Abstract:
Objective To investigate the efficacy and safety of sintilimab combined with the SOX regimen for adjuvant treatment of stage Ⅲ gastric cancer after D2 radical resection and to provide a reference for individualized clinical treatment.
Methods The clinical data of 245 patients with stage III gastric cancer who underwent D2 radical resection at the 940th Hospital of the Joint Support Force of the People's Liberation Army from June 2019 to May 2022 were retrospectively analyzed. The 180 patients who received only the SOX regimen were designated the control group, and the 65 patients who received sintilimab combined with the SOX regimen were designated the experimental group. The 3-year disease-free survival (DFS) rate, overall survival (OS) rate, and adverse reactions among the two groups and different subgroups (HER-2 positive, dMMR, CPS ≥5) were compared.

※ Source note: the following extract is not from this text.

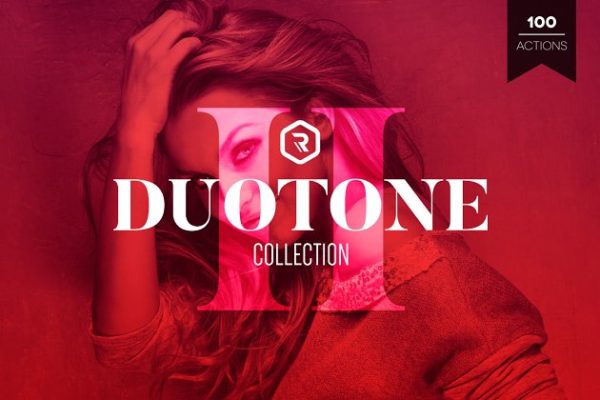 100款双色调照片效果处理PS动作工具模板 Duotone Collection II PS Actions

Results The 3-year DFS (81.5% vs. 59.4%) and OS (84.6% vs. 70.6%) rates in the experimental group were significantly higher than those in the control group (both P<0.05). Group analysis showed that in patients with CPS ≥5, the 3-year DFS (91.5% vs. 67.0%) and OS (95.7% vs. 71.6%) rates within the experimental group were significantly better than those in the control group (both P<0.05). Intra-group analysis within the experimental group showed that the 3-year DFS rate (91.5% vs. 55.6%) and OS rate (95.7% vs. 55.6%) of patients with CPS ≥5 were significantly better than those of patients with CPS <5 (both P<0.05). The overall and grade ≥3 incidences of liver and kidney function damage, thyroid dysfunction, colitis, pneumonia, and rash in the experimental group were higher than those in the control group (all P<0.05), while the differences in other adverse reactions, including leukopenia were not statistically significant (all P>0.05).
Conclusions Sintilimab combined with the SOX regimen can significantly improve 3-year DFS and OS rates in patients with stage Ⅲ gastric cancer after surgery, especially in the CPS ≥5 subgroup, with significant benefits and controllable safety.